Keep making that LED flash

GC doesn't give you memory safety though, it only plugs memory leaks.

>I need to resort to ad-hominem because I can't cope with being wrong and trying to salvage nonsense arguments by hoping no one notices when I go back on what I previously said
Don't stop posting.

Just let him keep posting. Anyone with an internet connection and the ability to use a search engine knows what he's saying is absolute garbage.

First of all actual time-critical systems aren't doing runtime allocations at all so that kinda eliminates the need for GC. Jow Forums is fucking retarded sometimes.

they think golang is competing with C when it's really just competing with python/JS

Well that's the most asinine thing I've heard today, being as barebones as C doesn't make something a replacement of C.

Undefined behaviour and no error checking does

The absolute state of Jow Forums
this illustrates why I love seeing seeing white programmers get replaced by 'pajeets', they are a bunch of hacks who learned one way to program and now are completely ignorant of any other way of doing something. if some programming language doesnt follow their meme methodologies they rage like Stockholm syndrome stricken little girls protecting their captors

this thread is completely pozzed, I'll enjoy seeing all of you get *real* jobs

Please, show me a single statement that I've gone back on. But of course you won't because you can't, because I haven't gone back on anything.

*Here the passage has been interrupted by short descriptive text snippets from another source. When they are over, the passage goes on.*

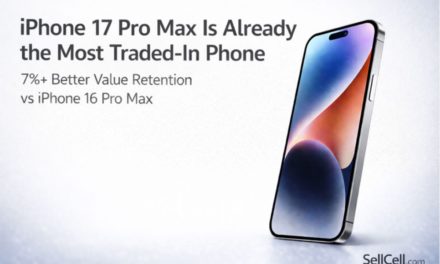 The iPhone 17 Pro Max Is the Most Traded-In Phone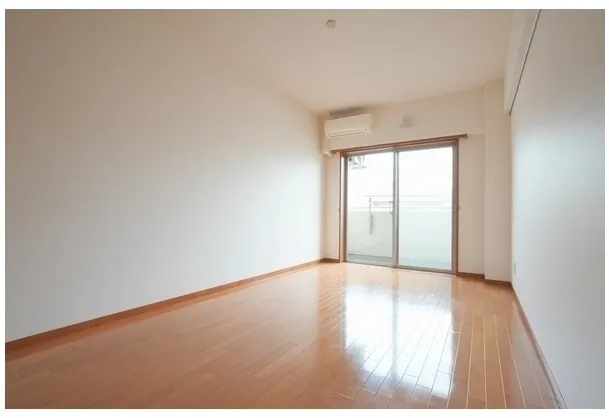 Garden Meguro Minami - Interior - ["Flooring", "Floor", "Wood flooring"]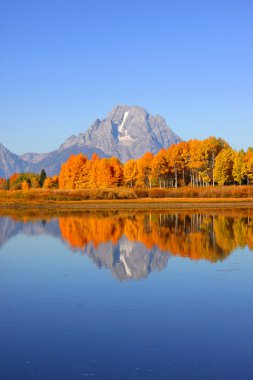 Grand Tetons clipart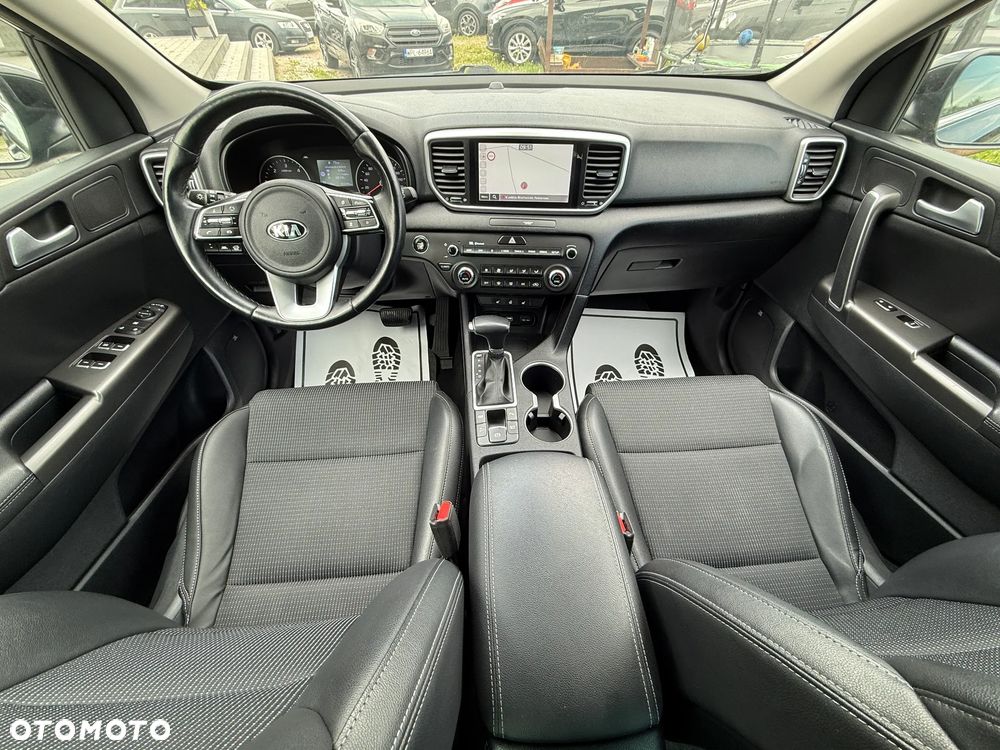 Kia Sportage 1.6 CRDI MHEV Black Edition Plus 2WD DCT - 23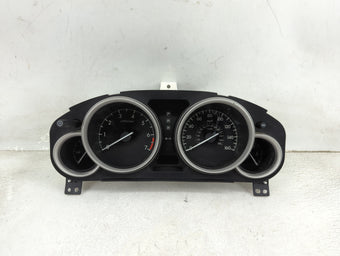 compare product 2012 Mazda Mazda6 Instrument Cluster Speedometer Gauges P/N:1F GEG4 B Miles: Fits Fits 2011 2013 OEM Used Auto Parts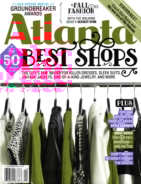 Atlanta-Magazine September 01, 2015 Issue Cover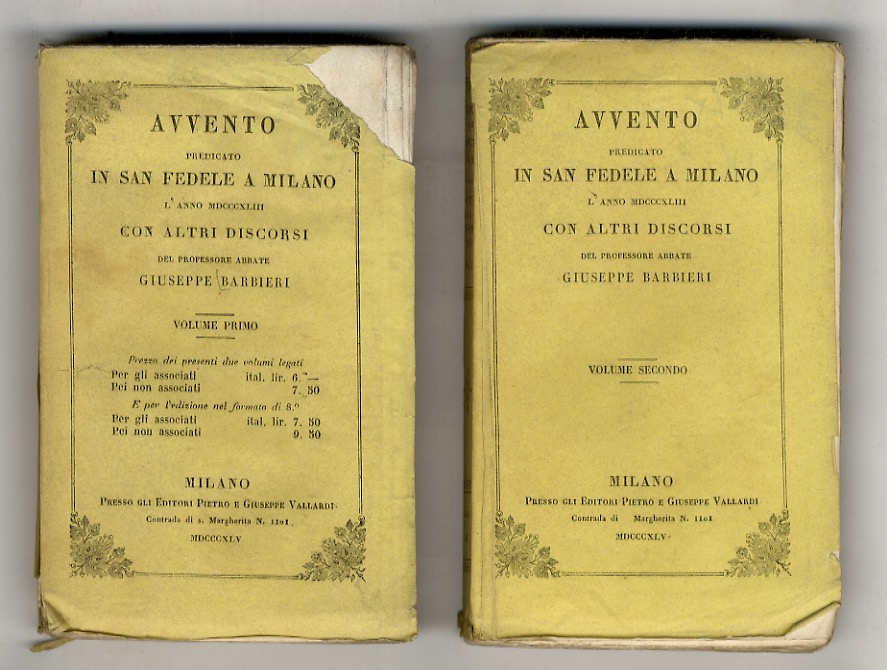 Libreria antiquaria Gozzini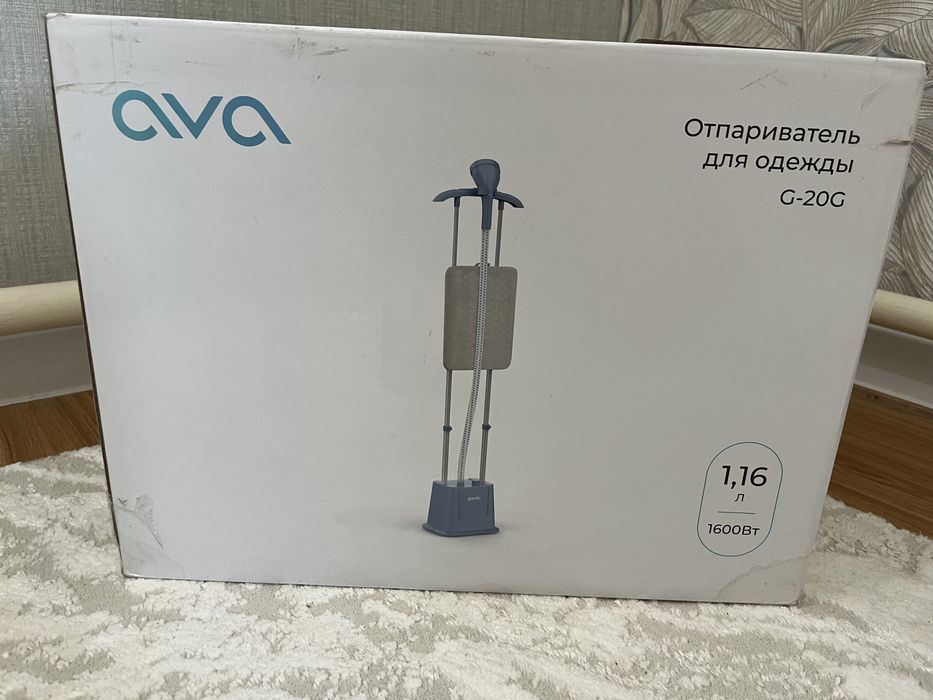 Отпариватель для одежды Ava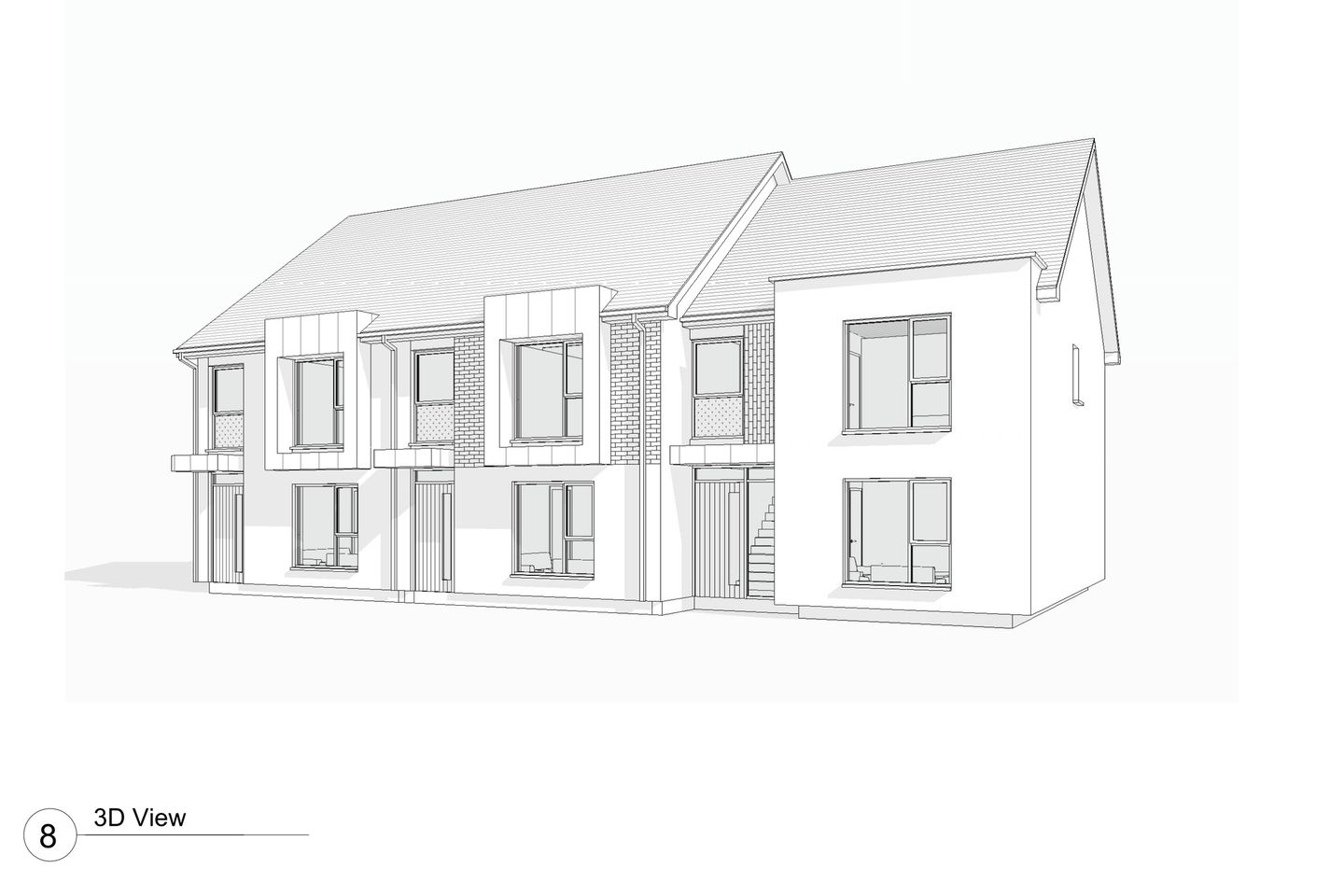 Type B, Ardmore Hills, Ardmore Hills, Ardmore Road, Mullingar, Co. Westmeath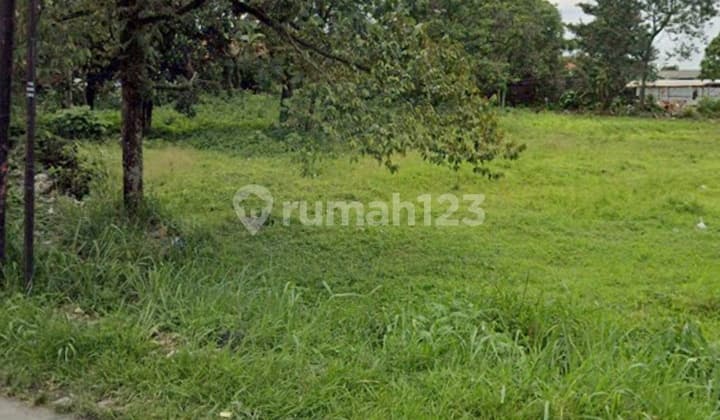 Harga Miring!! Tanah Strategis Pinggir Jalan Ciapus Kota Batu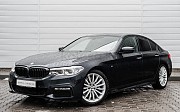 BMW 540, 3 автомат, 2018, седан Астана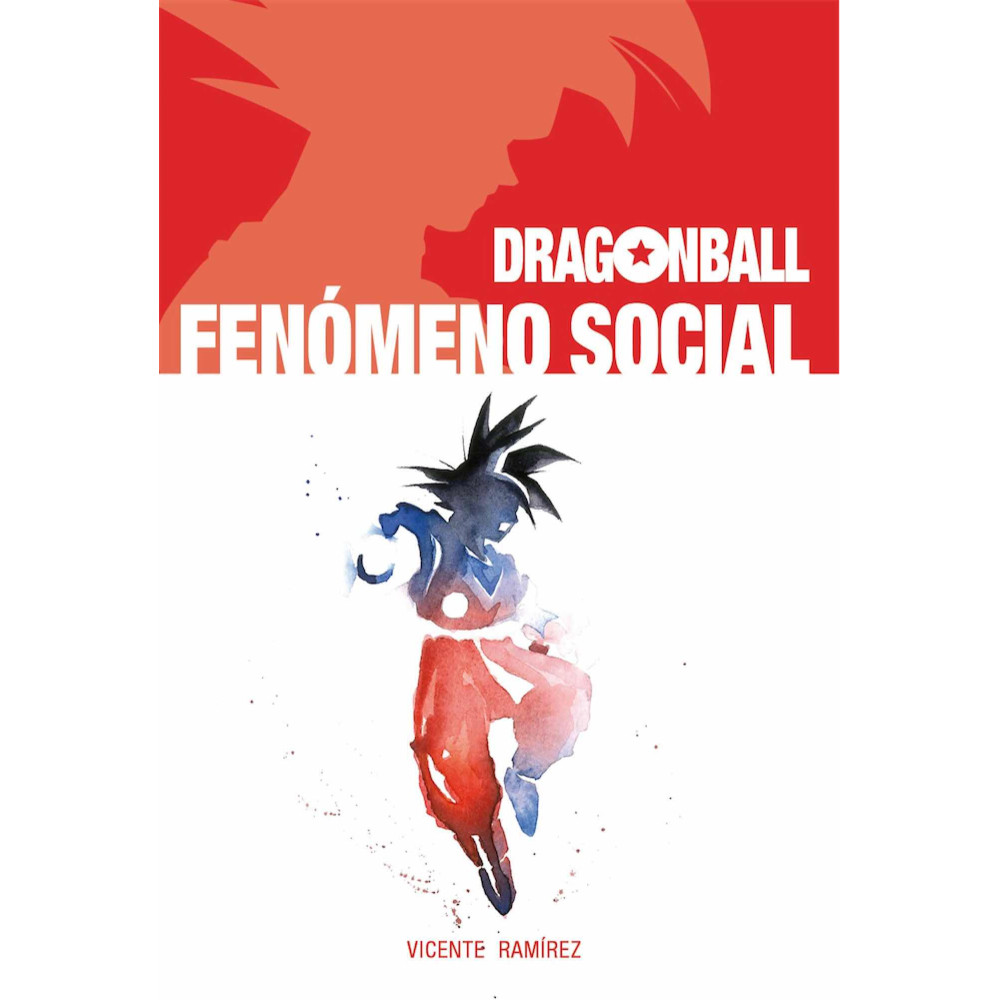 Livro Fenômeno Social Bola de Dragão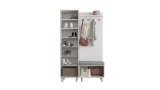 Noira Coat Rack - Cloakroom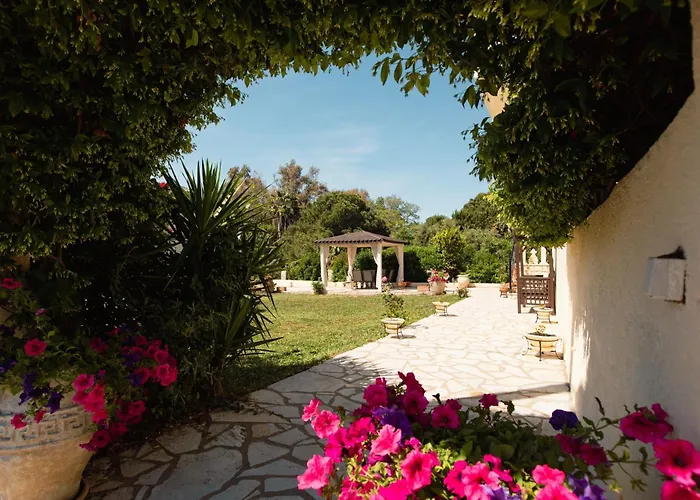 Angelique Apartment Agios Georgios (Corfu)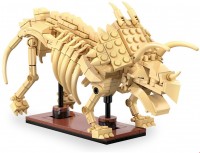 CaDA Dinosaurier Fossil Triceratops Bricks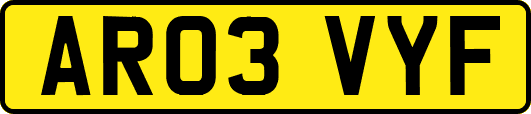 AR03VYF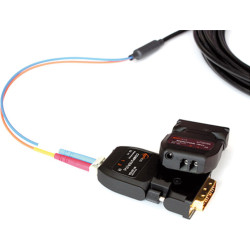 Opticis TWO FIBER DVI EXTENDER SET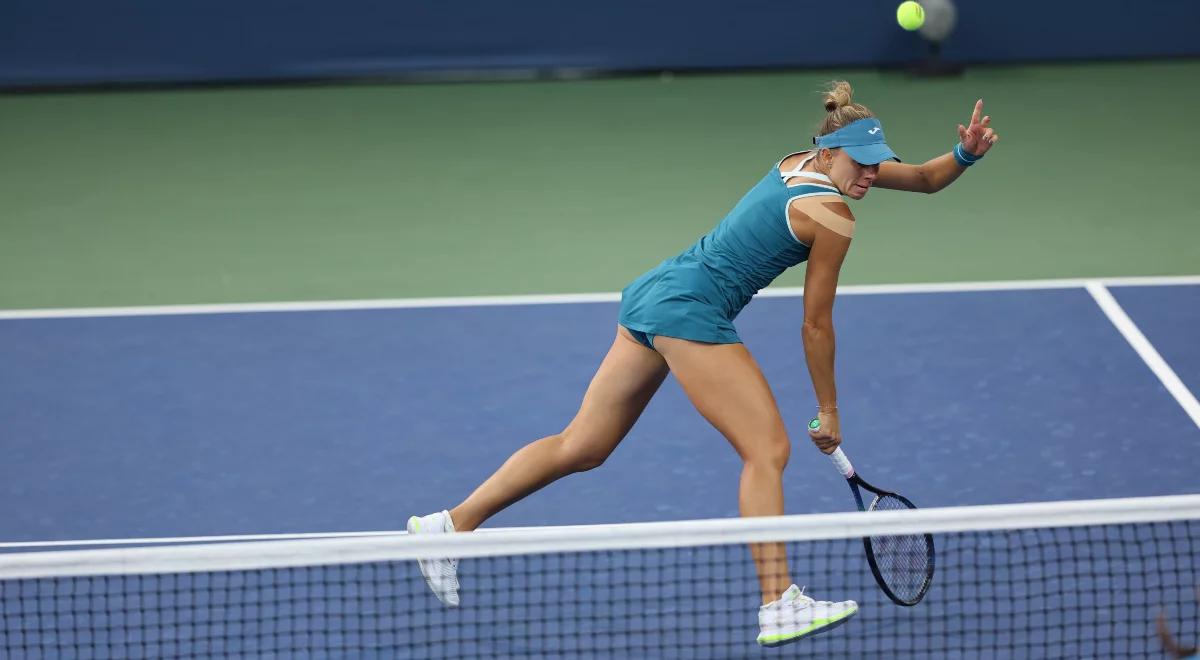 US Open: Magda Linette i Jan Zieliński wygrali swoje mecze deblowe. Zagrają w 1/8 finału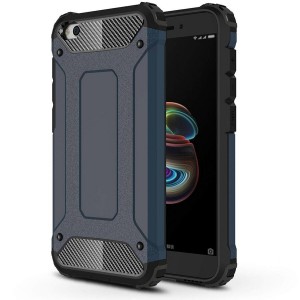 Husă Antișoc Xiaomi Redmi Go Forcell ARMOR Albastru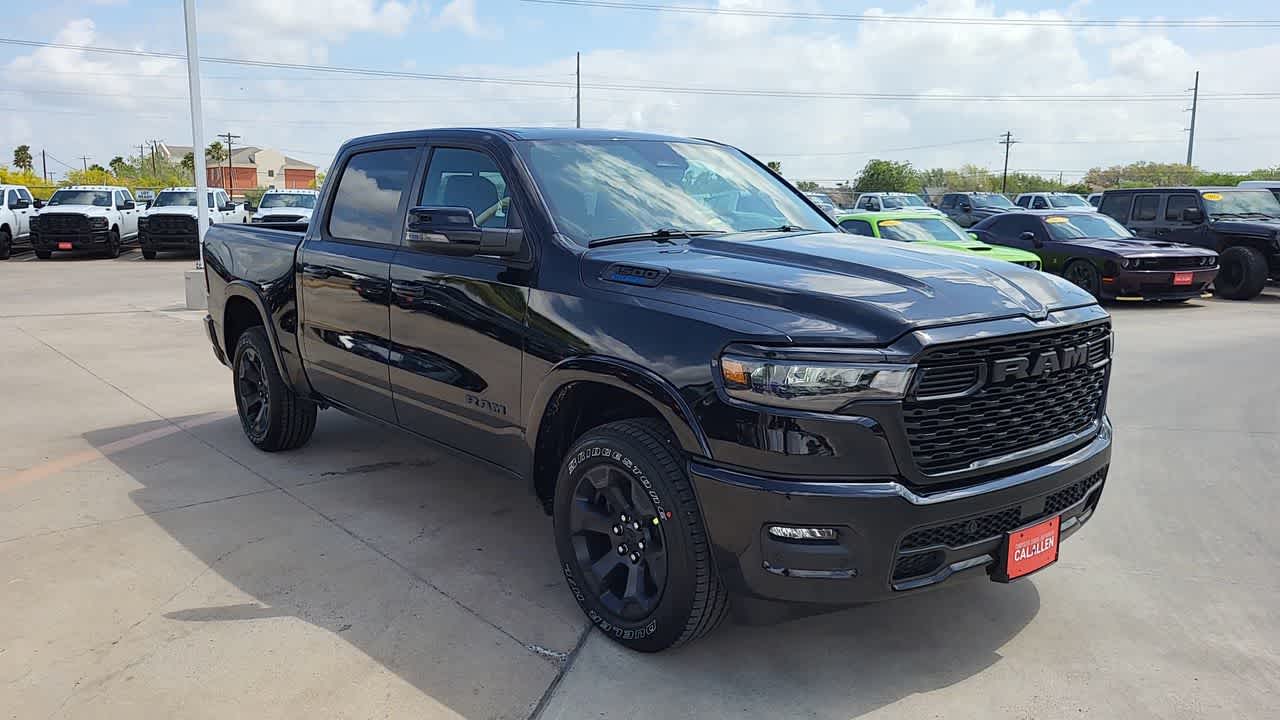 Thumbnail: 2026 RAM 1500 - 2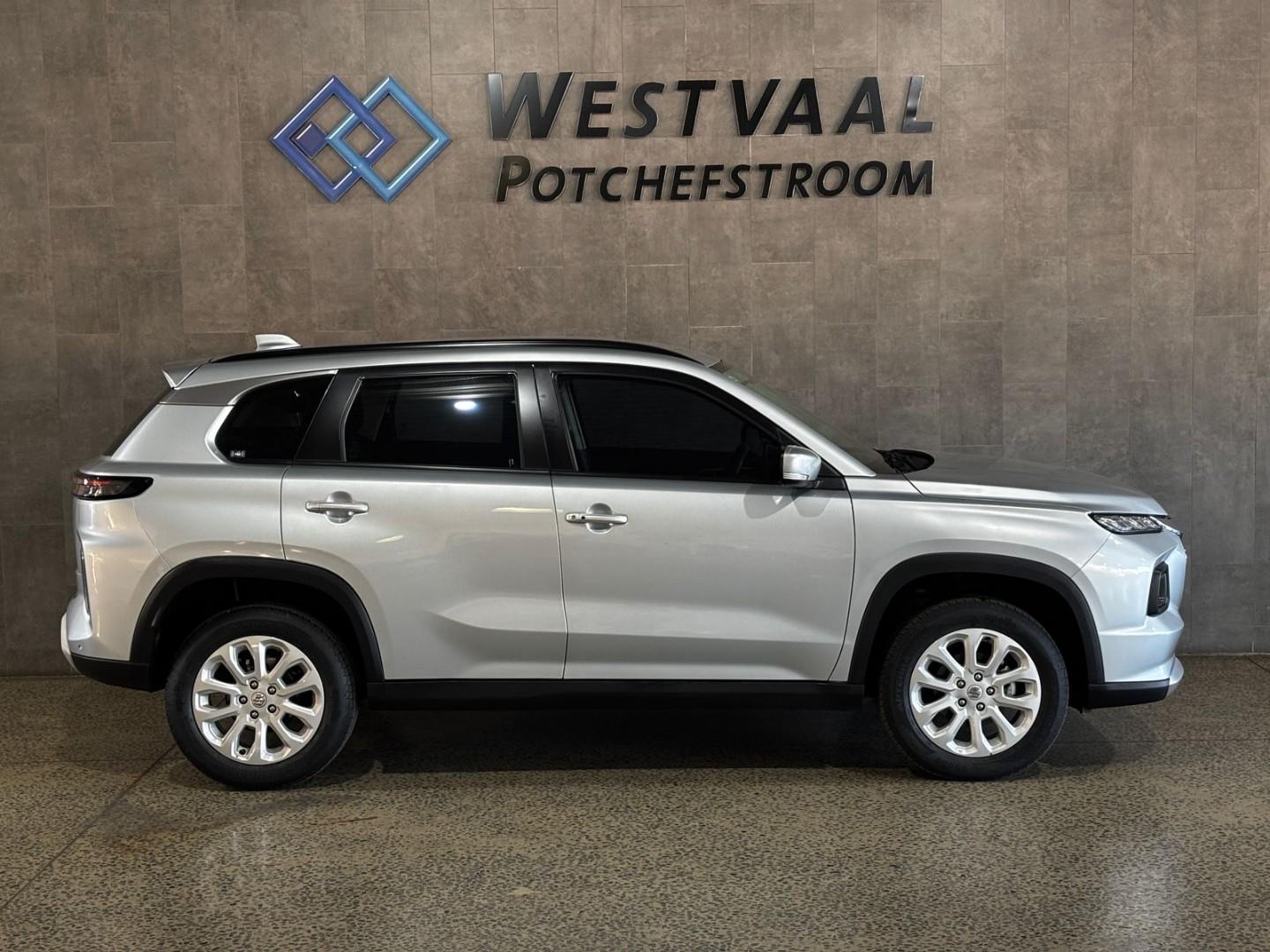 Suzuki Grand Vitara 1.5 GL Auto Westvaal Potchefstroom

Leaks, double frees, dangling pointers, etc. are all memory safety issues addressed by GC.

If you're thinking about things like buffer overflows, that's orthogonal to GC, you can have bounds checking and manual management as well as you can have no bounds checking and GC.

That's complete nonsense. Yes, obviously you don't need GC if you don't do runtime allocation whether it's time critical or not, but no, not all time critical systems are easy or desirable to implement using only static allocation. It would be nice if they were, but that's not how it works in the real world. Any embedded dev should want to use static allocation, but not at any cost, certainly not at the cost of time-to-market or total unit cost. That just doesn't make business sense.

desu the "idiomatic" Go way (interface{}) decimates the performance so at least he is carrying over something decent.

they are both incomprehensible to 90% of Jow Forums so they might as well both be rocket science.

>that's orthogonal to GC
No fucking shit, that's what I said. GC doesn't give you memory safety.
>That just doesn't make business sense.
Making a program that's guaranteed to fail some time in the future doesn't make business sense either.

I never got an answer to
>What do you think "time critical" means, then?
but I have a sneaking suspicion you thought it was something completely different, which is why having such an autistic meltdown to distract from the embarrasment.

depends on how far in the future and how much a failure hurts, figuring those things out is exactly business sense

oh woah you sure got him dude chalk another one up on the Jow Forums argument victory board for you even though you have multiple people disagreeing with you and correcting your posts man nice good job

>No fucking shit, that's what I said. GC doesn't give you memory safety.

Leaks, double frees, dangling pointers, etc. are memory safety issues. This is what a GC is concerned with, this is the memory safety that GC brings to the party. You can't blame the GC for not meddling in other memory safety issues that the GC has no business with.

>Making a program that's guaranteed to fail some time in the future doesn't make business sense either.

see
and also a garbage collected system is no more or less likely to fail in the near or far future than a statically allocated and manually managed system. There are other sources of bugs, no matter what you still have the halting problem.

>you have multiple people disagreeing with you and correcting your posts man nice good job
It's fine to disagree, but nothing has been corrected. I've repeatedly asked to have passages that are supposedly wrong or contradictory pointed out, but so far there's nothing except which quotes a completely unrelated passage.

>but nothing has been corrected
OK, so you're delusional. Got it.

So you can't show me a single thing I've said that was wrong. Doesn't look particularly good on your part.